• _TASK ITEM_
Select and copy out every line in the records containing "Picture".

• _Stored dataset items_
|---|
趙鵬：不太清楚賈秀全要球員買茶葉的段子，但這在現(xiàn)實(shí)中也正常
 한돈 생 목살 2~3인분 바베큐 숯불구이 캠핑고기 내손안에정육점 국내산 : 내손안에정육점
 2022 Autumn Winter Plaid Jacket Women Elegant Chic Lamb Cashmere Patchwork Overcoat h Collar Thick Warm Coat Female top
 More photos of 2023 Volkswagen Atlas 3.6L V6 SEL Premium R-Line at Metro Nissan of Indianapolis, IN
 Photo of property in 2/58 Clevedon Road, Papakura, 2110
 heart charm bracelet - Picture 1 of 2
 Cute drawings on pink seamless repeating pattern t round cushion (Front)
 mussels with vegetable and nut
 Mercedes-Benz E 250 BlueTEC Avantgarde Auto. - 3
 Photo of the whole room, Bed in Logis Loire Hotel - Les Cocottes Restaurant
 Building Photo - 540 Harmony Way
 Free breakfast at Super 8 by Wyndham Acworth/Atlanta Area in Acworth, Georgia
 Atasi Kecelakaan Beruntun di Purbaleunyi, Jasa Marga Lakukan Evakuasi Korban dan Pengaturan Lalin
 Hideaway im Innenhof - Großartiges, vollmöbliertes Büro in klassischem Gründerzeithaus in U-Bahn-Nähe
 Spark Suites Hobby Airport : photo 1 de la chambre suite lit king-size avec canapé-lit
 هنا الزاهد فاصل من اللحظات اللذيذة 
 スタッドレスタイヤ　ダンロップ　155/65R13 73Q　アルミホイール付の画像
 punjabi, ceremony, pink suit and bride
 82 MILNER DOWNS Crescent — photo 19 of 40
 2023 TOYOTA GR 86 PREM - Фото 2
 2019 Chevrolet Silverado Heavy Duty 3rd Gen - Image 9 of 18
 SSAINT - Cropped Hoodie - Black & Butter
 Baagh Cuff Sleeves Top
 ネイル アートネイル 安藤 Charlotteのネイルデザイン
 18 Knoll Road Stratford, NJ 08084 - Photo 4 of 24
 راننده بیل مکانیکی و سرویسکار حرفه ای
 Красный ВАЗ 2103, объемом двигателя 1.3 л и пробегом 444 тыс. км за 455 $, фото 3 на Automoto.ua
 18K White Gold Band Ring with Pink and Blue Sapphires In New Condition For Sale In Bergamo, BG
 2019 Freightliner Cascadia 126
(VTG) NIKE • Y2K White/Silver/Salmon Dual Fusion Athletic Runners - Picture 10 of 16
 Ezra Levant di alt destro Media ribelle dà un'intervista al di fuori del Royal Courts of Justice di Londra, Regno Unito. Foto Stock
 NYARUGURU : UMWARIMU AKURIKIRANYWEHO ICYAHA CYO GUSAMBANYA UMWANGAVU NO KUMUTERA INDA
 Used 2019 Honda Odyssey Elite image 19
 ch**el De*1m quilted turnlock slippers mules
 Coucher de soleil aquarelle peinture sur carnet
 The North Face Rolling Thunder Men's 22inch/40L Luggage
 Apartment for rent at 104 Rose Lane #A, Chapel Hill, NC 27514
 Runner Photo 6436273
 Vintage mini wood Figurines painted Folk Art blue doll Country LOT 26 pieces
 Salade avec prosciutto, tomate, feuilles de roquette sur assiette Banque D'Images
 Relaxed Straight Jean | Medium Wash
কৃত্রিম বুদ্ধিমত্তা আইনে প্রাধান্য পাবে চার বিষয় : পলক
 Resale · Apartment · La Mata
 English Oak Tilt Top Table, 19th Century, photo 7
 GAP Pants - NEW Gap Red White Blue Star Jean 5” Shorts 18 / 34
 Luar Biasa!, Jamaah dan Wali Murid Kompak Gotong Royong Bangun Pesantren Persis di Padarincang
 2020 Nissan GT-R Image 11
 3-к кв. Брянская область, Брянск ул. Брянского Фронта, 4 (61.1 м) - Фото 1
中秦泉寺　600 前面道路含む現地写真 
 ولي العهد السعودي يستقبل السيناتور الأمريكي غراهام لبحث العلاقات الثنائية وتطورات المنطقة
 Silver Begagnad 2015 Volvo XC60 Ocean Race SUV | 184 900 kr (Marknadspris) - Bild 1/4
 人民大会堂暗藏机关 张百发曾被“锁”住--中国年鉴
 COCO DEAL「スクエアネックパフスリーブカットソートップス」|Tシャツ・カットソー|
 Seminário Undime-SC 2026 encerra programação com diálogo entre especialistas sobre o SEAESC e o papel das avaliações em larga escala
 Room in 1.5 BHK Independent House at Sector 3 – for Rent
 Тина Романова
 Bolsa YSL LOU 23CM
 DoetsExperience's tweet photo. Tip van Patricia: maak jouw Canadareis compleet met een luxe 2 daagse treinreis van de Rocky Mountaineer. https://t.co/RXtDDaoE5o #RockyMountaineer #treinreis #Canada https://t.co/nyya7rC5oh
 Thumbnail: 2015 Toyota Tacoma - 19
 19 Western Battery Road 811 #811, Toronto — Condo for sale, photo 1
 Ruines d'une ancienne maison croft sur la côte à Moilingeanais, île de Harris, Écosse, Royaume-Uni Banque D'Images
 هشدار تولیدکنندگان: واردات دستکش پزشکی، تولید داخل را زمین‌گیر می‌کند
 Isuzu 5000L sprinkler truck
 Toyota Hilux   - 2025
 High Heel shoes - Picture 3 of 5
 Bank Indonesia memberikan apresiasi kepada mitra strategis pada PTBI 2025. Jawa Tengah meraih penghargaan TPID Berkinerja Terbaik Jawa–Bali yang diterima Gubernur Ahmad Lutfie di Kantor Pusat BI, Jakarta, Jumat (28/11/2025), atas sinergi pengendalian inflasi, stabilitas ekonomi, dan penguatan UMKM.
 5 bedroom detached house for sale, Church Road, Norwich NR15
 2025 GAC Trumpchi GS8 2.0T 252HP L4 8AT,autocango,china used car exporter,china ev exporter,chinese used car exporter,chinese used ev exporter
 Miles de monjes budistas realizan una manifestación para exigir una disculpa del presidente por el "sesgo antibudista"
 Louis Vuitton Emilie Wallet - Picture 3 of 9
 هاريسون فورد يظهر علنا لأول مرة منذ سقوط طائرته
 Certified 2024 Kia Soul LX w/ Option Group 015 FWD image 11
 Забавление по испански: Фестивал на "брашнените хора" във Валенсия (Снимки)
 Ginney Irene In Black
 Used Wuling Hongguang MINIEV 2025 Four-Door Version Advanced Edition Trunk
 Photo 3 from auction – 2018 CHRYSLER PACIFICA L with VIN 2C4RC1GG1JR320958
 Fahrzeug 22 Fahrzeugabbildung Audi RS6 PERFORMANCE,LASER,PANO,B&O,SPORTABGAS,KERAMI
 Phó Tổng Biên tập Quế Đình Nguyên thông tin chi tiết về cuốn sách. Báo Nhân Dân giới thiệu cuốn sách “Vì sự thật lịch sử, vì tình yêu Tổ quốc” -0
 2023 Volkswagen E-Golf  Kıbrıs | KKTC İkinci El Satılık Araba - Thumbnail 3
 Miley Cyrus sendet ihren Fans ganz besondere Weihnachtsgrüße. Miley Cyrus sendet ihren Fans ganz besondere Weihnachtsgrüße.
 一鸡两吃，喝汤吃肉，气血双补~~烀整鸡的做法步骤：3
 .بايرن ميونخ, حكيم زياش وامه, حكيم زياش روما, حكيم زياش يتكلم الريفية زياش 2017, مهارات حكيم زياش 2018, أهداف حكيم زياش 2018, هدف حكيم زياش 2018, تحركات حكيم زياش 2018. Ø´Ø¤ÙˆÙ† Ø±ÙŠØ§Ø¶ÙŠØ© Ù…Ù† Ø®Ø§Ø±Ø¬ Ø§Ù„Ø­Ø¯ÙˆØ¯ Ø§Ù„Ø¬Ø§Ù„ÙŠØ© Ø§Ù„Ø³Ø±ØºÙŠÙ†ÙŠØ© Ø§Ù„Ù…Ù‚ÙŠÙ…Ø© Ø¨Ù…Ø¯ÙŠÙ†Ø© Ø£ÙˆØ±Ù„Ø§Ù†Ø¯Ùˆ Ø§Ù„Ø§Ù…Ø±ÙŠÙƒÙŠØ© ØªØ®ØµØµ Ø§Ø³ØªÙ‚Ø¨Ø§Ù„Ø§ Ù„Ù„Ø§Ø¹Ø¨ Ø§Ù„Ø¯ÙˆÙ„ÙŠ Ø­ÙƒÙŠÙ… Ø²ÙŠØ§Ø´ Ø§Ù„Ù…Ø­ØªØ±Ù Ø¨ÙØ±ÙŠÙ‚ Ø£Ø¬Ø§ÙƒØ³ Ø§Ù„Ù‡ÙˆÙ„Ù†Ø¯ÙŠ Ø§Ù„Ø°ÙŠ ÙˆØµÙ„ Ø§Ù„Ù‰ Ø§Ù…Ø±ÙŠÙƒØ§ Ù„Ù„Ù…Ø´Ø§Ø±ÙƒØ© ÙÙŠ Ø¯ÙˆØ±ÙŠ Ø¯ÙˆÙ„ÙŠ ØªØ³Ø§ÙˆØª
|---|
• _TASK OUTPUT_
 heart charm bracelet - Picture 1 of 2
(VTG) NIKE • Y2K White/Silver/Salmon Dual Fusion Athletic Runners - Picture 10 of 16
 High Heel shoes - Picture 3 of 5
 Louis Vuitton Emilie Wallet - Picture 3 of 9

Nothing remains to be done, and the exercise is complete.